** WHAT IS REQUIRED **
Copy nothing but the lines below, from the one with "And there we" through the one with "I know that", exactly as written; no pictures should appear.

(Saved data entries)

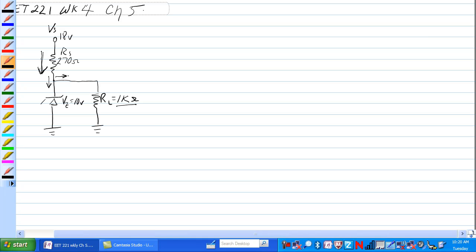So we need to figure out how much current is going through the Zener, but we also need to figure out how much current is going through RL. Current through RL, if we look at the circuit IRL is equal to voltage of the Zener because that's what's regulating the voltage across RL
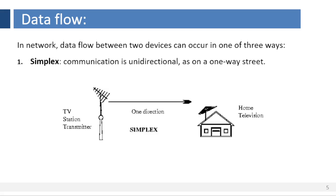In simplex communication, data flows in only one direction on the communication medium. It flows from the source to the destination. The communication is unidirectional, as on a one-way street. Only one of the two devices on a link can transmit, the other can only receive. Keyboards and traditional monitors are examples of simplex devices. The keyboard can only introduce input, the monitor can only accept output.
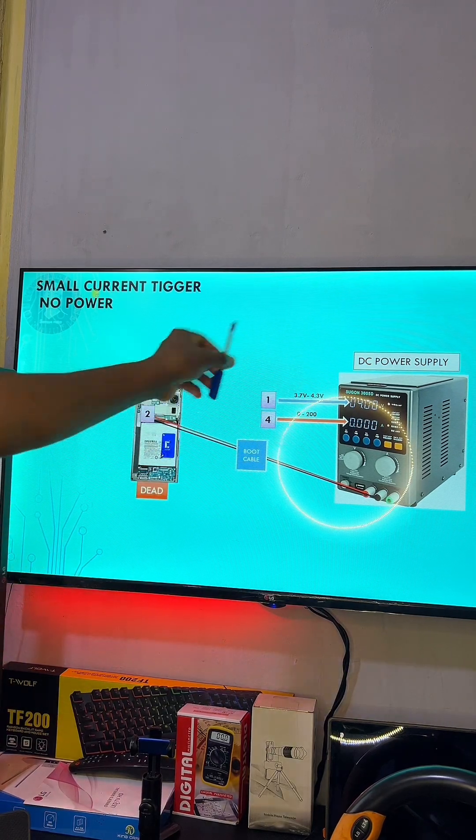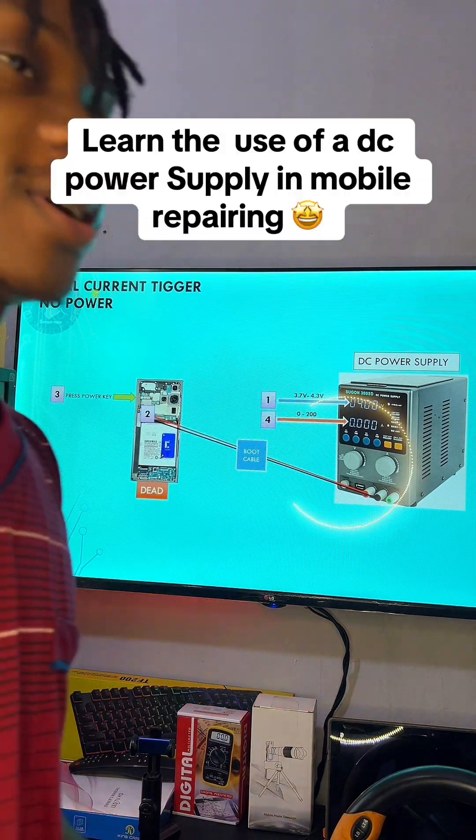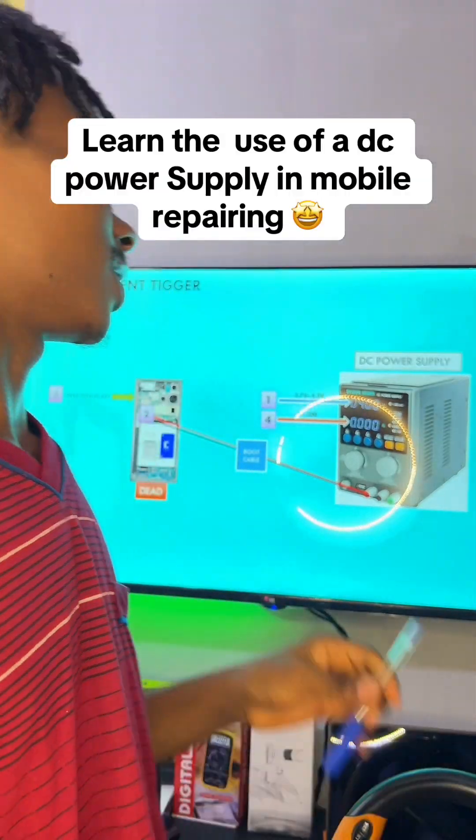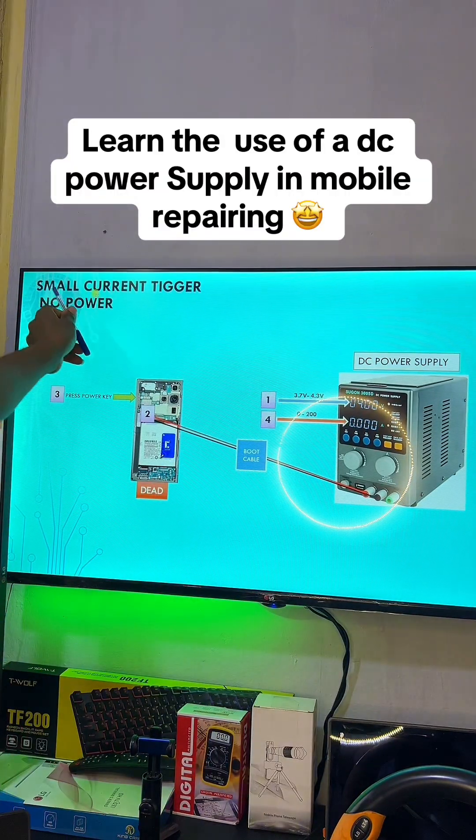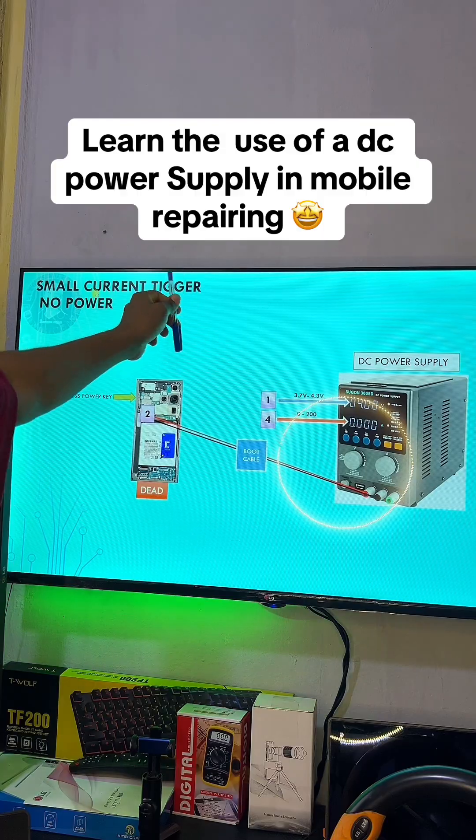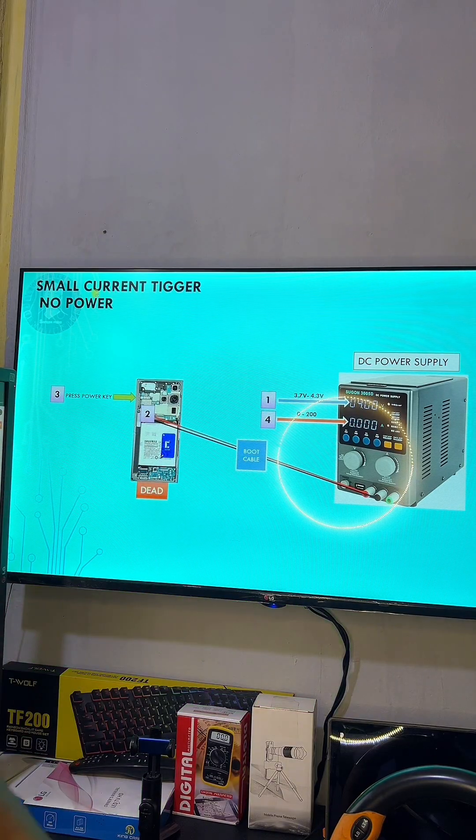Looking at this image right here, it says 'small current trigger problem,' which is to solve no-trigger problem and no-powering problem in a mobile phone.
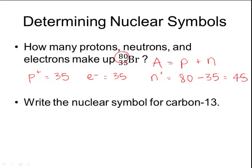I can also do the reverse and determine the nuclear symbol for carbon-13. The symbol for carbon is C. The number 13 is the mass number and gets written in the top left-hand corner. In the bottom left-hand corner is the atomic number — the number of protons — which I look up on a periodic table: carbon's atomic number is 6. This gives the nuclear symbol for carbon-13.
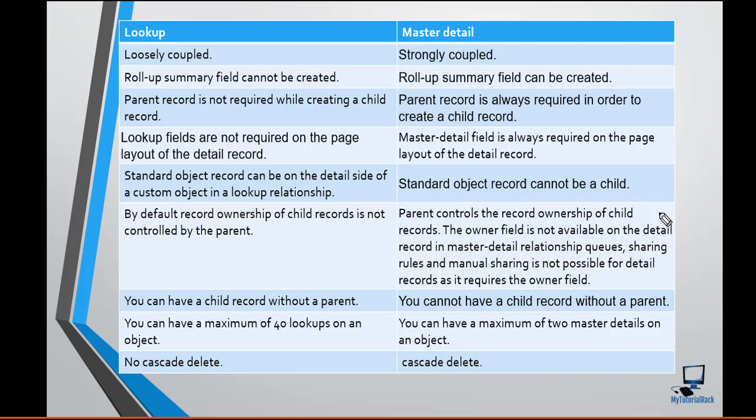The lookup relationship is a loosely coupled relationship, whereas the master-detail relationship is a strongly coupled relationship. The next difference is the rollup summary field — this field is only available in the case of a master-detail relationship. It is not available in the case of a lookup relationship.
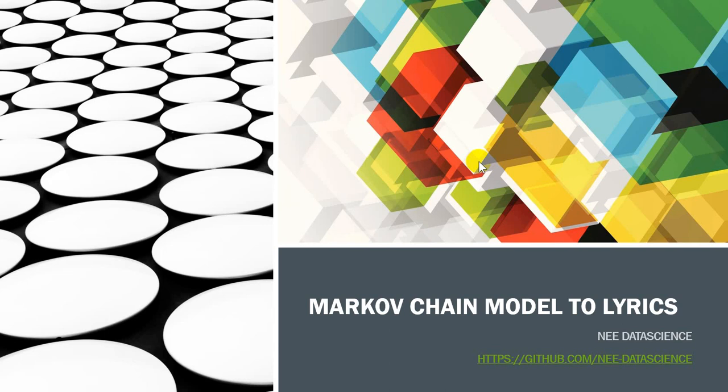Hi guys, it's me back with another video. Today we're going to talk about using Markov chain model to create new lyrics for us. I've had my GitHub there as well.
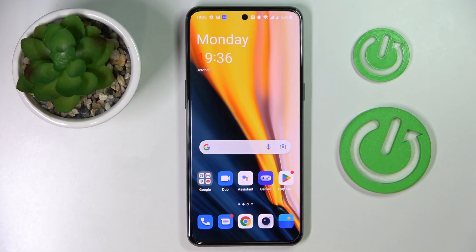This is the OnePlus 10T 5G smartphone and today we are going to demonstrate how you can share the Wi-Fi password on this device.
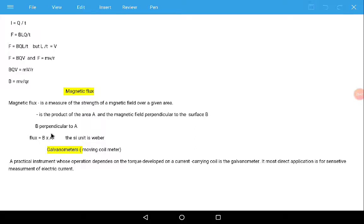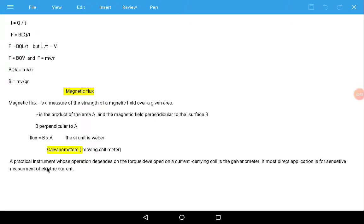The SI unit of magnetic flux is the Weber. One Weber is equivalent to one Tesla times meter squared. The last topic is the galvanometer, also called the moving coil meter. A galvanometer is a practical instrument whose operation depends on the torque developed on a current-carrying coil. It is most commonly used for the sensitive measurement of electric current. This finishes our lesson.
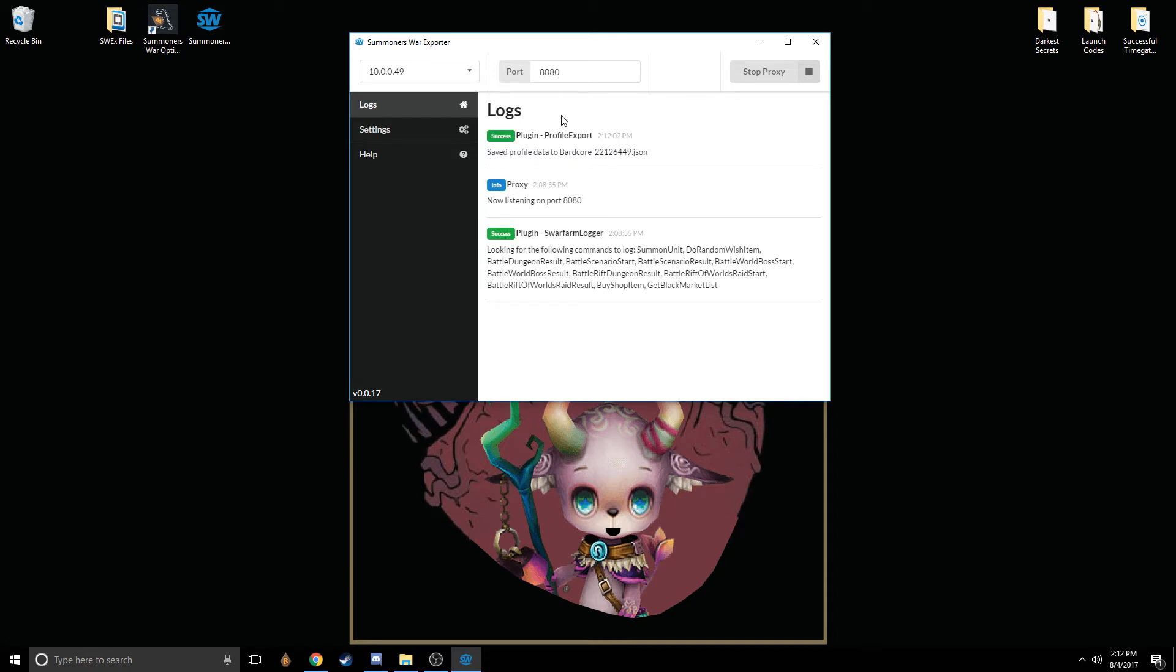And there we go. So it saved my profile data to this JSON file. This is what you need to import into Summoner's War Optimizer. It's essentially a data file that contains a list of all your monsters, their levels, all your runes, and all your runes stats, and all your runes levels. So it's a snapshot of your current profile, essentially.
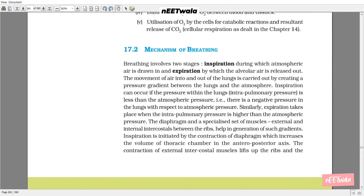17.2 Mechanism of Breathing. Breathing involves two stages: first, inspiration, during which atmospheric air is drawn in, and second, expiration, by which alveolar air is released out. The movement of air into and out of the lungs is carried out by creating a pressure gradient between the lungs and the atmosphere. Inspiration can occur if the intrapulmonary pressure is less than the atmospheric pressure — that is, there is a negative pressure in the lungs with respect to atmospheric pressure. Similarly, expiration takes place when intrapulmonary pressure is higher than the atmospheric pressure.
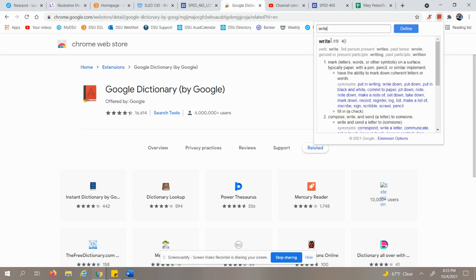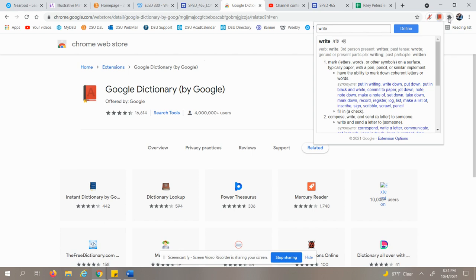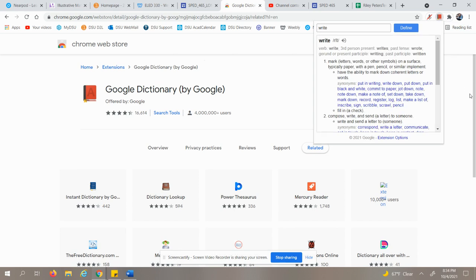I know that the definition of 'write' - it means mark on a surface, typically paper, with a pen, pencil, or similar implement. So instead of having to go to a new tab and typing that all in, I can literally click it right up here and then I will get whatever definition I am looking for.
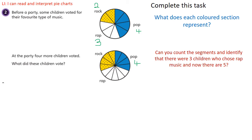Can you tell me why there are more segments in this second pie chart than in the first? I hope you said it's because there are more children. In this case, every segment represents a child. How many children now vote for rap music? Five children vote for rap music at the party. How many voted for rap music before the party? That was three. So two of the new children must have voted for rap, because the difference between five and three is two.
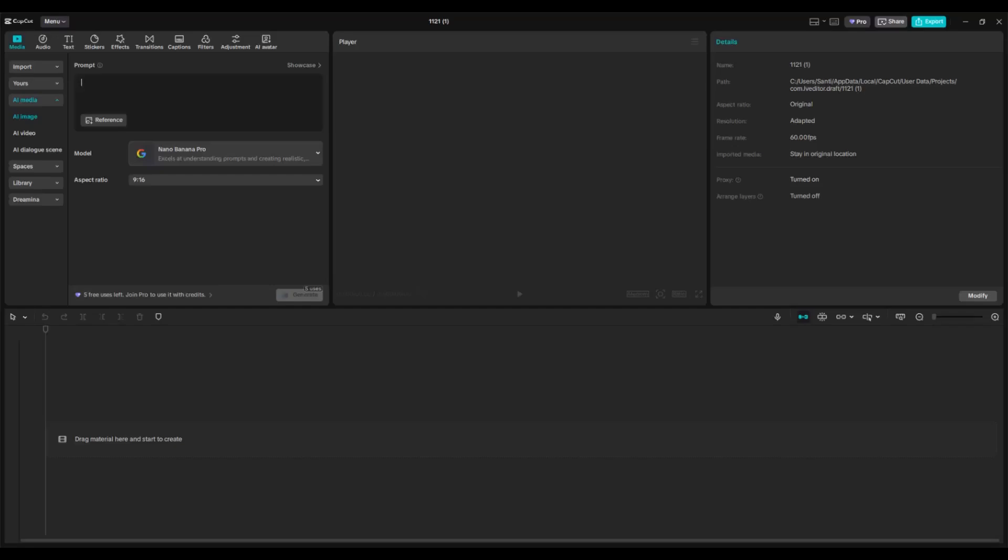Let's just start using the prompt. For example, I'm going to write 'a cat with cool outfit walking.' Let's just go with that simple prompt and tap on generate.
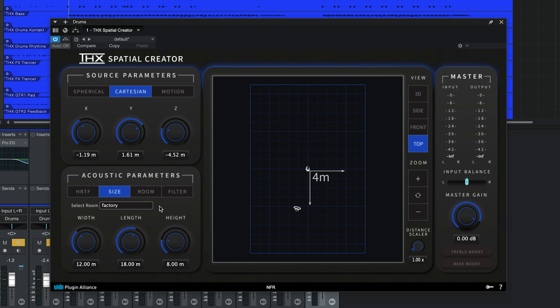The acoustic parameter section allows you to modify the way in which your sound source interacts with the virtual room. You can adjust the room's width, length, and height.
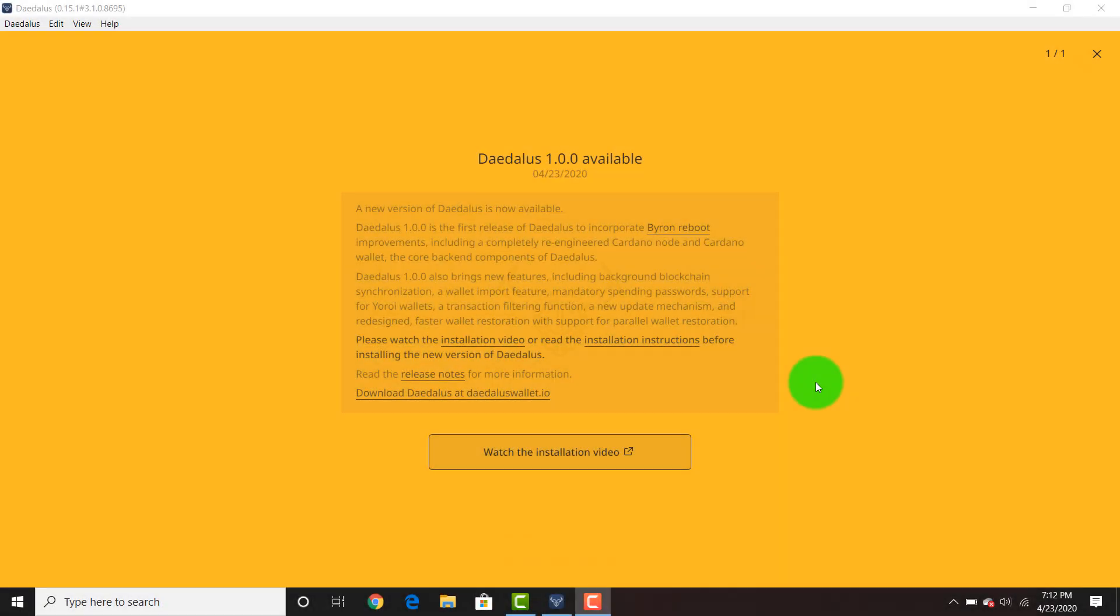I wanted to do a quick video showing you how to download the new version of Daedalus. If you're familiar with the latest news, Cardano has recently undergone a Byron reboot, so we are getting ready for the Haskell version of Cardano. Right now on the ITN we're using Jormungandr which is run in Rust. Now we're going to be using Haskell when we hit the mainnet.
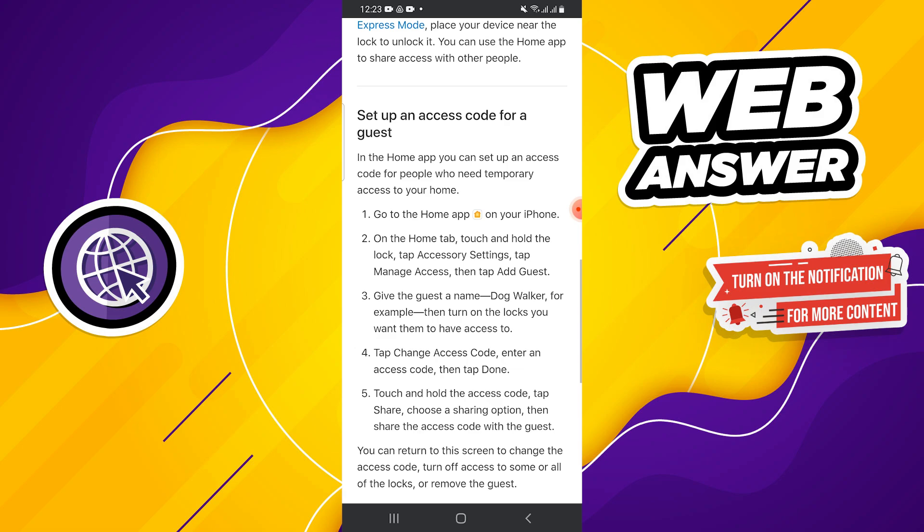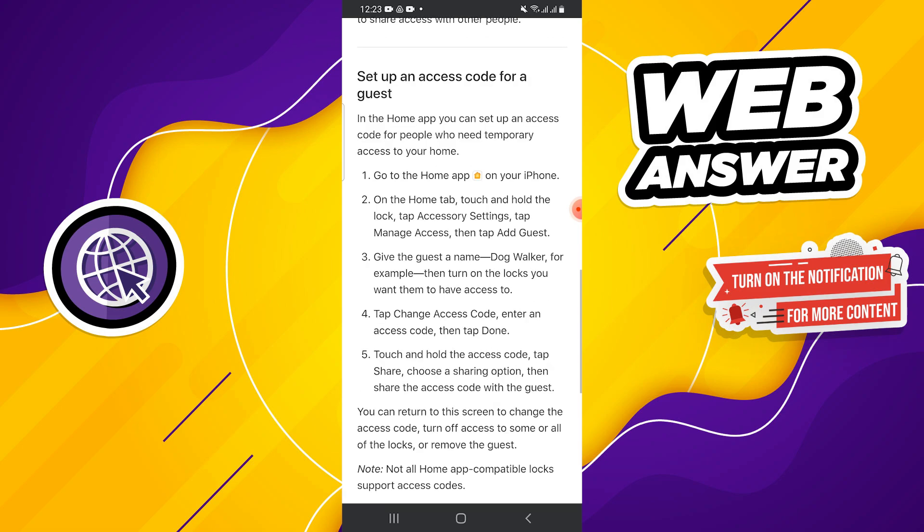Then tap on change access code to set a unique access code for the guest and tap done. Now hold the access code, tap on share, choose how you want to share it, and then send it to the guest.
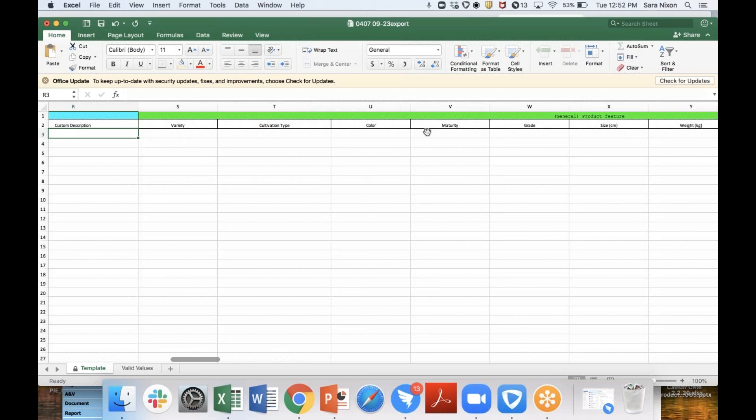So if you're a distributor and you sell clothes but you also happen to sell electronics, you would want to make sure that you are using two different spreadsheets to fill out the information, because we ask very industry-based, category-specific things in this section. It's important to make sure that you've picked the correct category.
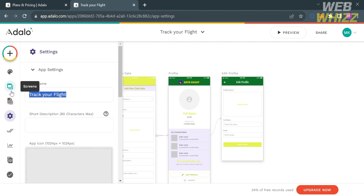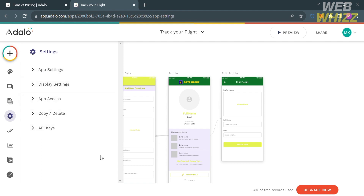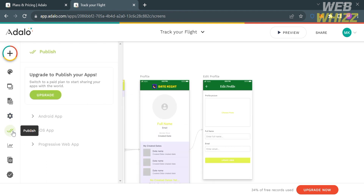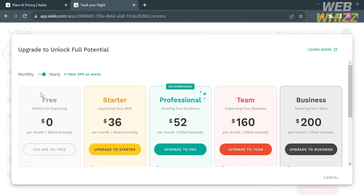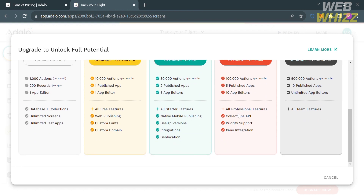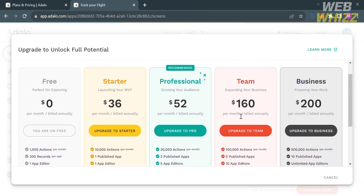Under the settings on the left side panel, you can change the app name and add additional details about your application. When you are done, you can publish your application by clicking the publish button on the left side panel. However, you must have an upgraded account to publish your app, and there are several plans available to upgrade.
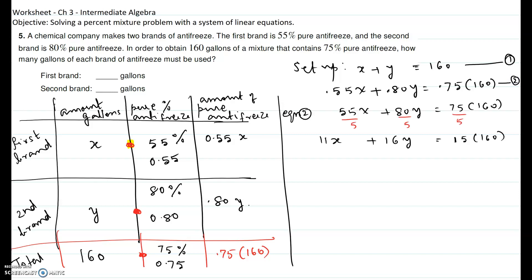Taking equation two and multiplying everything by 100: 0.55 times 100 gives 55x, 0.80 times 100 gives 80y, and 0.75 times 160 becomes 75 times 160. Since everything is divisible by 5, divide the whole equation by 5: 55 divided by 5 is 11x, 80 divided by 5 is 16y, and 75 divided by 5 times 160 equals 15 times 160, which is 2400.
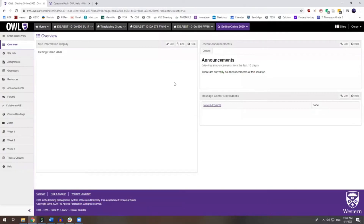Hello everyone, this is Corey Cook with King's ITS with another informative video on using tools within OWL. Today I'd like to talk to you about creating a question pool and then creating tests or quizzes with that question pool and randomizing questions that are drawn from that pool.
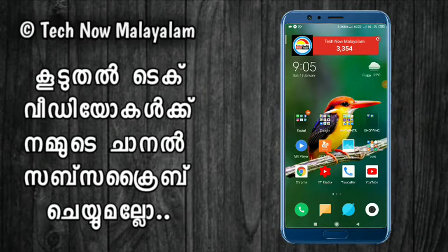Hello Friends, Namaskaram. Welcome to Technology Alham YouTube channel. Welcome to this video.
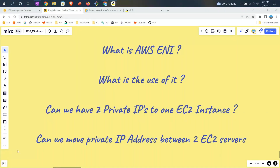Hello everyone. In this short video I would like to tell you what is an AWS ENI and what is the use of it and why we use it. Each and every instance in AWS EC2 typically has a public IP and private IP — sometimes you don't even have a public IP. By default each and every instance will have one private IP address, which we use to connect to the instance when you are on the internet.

** FINAL ANSWER **
And there we go. So it saved my profile data to this JSON file. This is what you need to import into Summoner's War Optimizer. It's essentially a data file that contains a list of all your monsters, their levels, all your runes, and all your runes stats, and all your runes levels. So it's a snapshot of your current profile, essentially.
17.2 Mechanism of Breathing. Breathing involves two stages: first, inspiration, during which atmospheric air is drawn in, and second, expiration, by which alveolar air is released out. The movement of air into and out of the lungs is carried out by creating a pressure gradient between the lungs and the atmosphere. Inspiration can occur if the intrapulmonary pressure is less than the atmospheric pressure — that is, there is a negative pressure in the lungs with respect to atmospheric pressure. Similarly, expiration takes place when intrapulmonary pressure is higher than the atmospheric pressure.
I know that the definition of 'write' - it means mark on a surface, typically paper, with a pen, pencil, or similar implement. So instead of having to go to a new tab and typing that all in, I can literally click it right up here and then I will get whatever definition I am looking for.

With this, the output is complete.